Dalam sebuah film yang dirilis baru-baru ini, seseorang yang menyebut dirinya sendiri “jenius” nyerocos di depan kamera tentang “kengerian, korupsi, ketidakpedulian, dan kemiskinan” dunia, dan menyatakan bahwa kehidupan ini tidak bertuhan dan konyol. Meski pemikiran seperti itu tidak asing dalam banyak naskah film modern, yang menarik di bagian akhir, si tokoh utama mendesak penonton untuk melakukan apa saja demi meraih kebahagiaan. Baginya, hal itu termasuk meninggalkan moralitas tradisional.
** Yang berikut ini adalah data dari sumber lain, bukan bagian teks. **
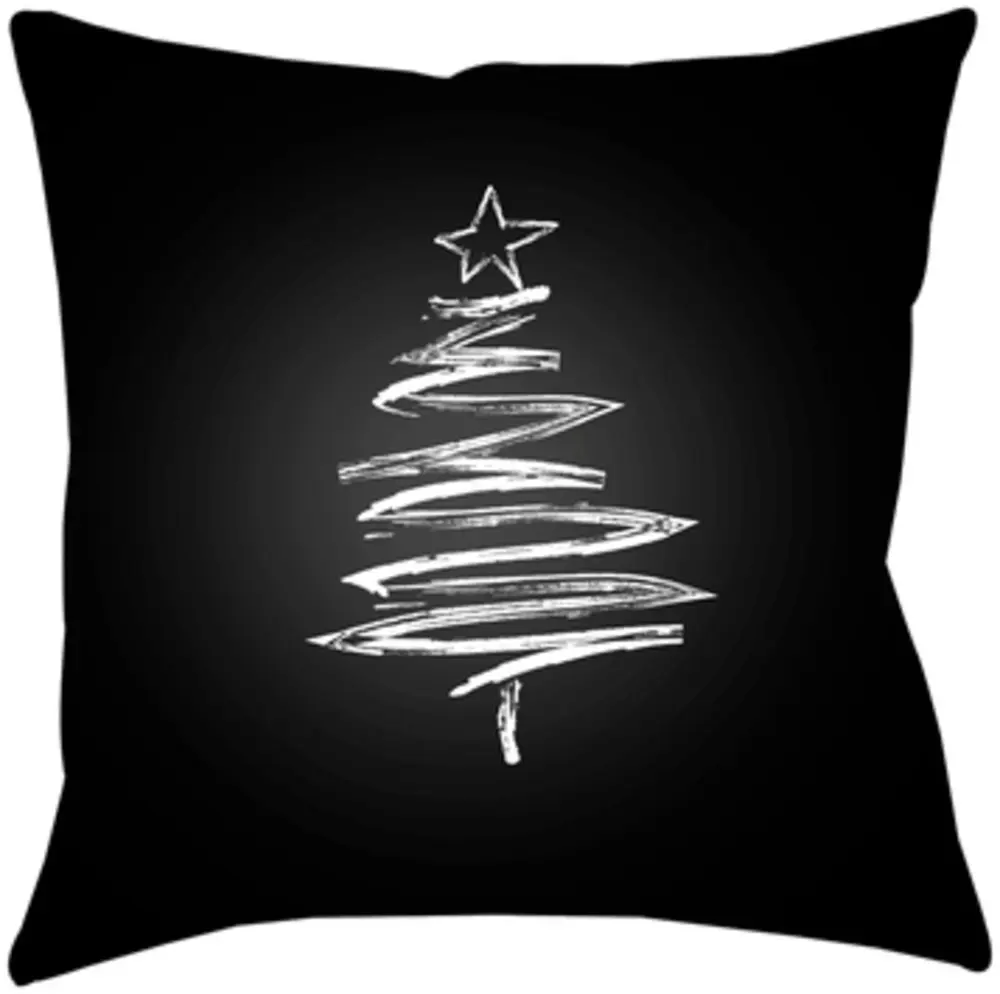 Livabliss PHDTT001-1818 Trim the Tree 18 x 18 x 4 in. Throw Pillow, Black - Medium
Namun, dapatkah kita memperoleh kebahagiaan dengan “melakukan apa saja”? Menghadapi keputusasaannya atas masalah-masalah dalam hidup ini, penulis Pengkhotbah di Perjanjian Lama sudah pernah mencoba untuk mencari kebahagiaan melalui kesenangan dan sukacita (Pkh. 2:1,10), melalui pekerjaan-pekerjaan besar (ay.4-6), melalui kekayaan (ay.7-9), dan melalui upaya memperoleh hikmat (ay.12-16). Kesimpulannya? “Segala sesuatu adalah kesia-siaan dan usaha menjaring angin” (ay.17). Tidak ada sesuatu pun yang kebal dari kematian, bencana, atau ketidakadilan (5:13-17).
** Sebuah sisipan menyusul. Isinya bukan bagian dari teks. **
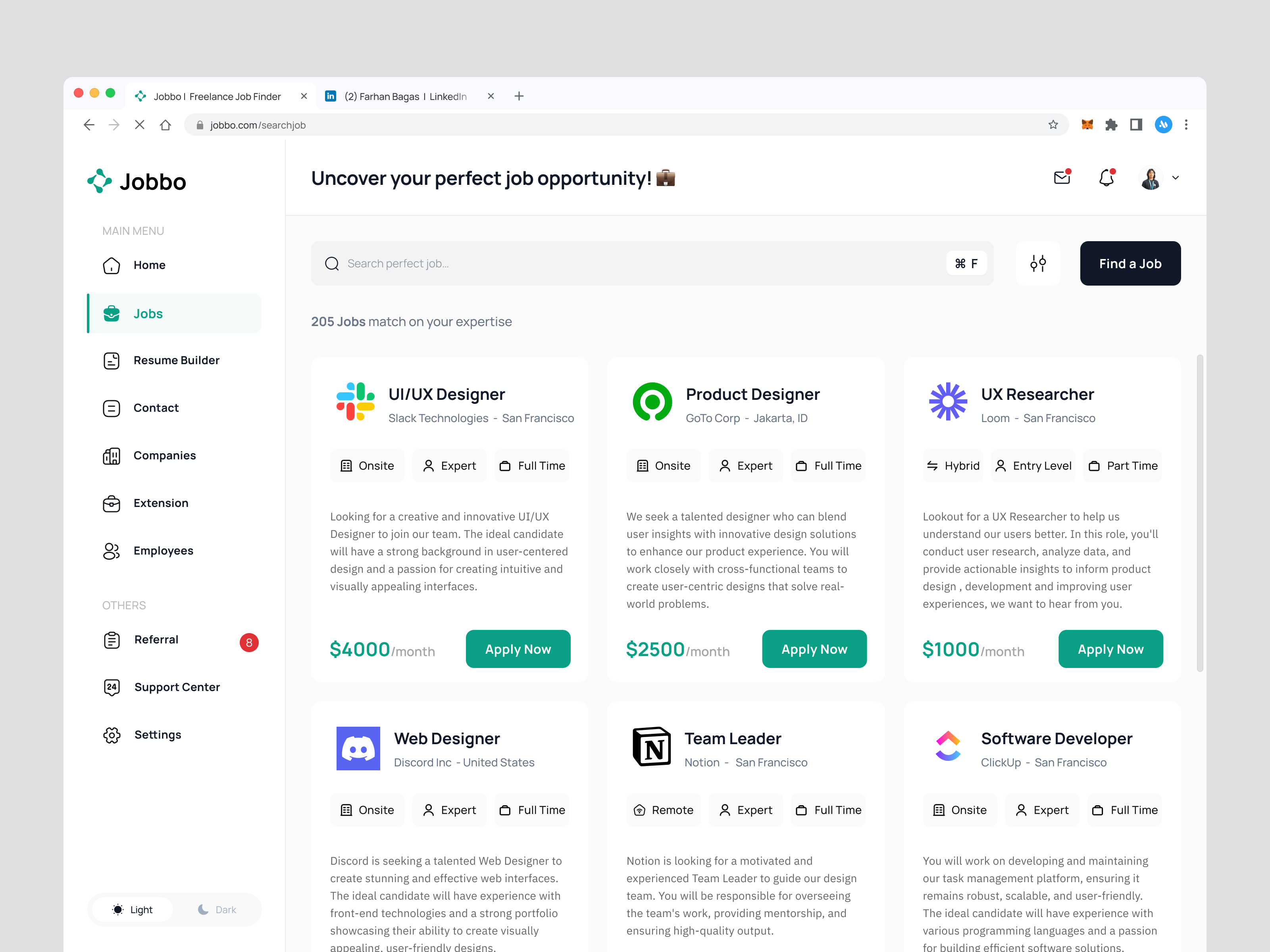 Jobbo - Job Finder Platform applicant summary freelance full time job job app job catagories job finder job hunt job market job platform job search linkedin part time product design reqruitment resume saas ui ui design upwork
Hanya satu yang membawa penulis Pengkhotbah keluar dari keputusasaan. Meski didera oleh berbagai pencobaan hidup, kita dapat menemukan kepuasan ketika Allah menjadi bagian dari hidup dan karya kita: “Karena siapa dapat makan dan merasakan kenikmatan di luar Dia?” (2:25). Hidup terkadang terasa tidak berarti, tetapi “ingatlah akan Penciptamu” (12:1). Jangan buang-buang tenaga untuk mencoba memahami hidup, melainkan “takutlah akan Allah dan berpeganglah pada perintah-perintah-Nya” (ay.13).

Tanpa Allah sebagai pusat hidup kita, kenikmatan dan kepedihan hidup hanya akan membawa kita kepada kekecewaan.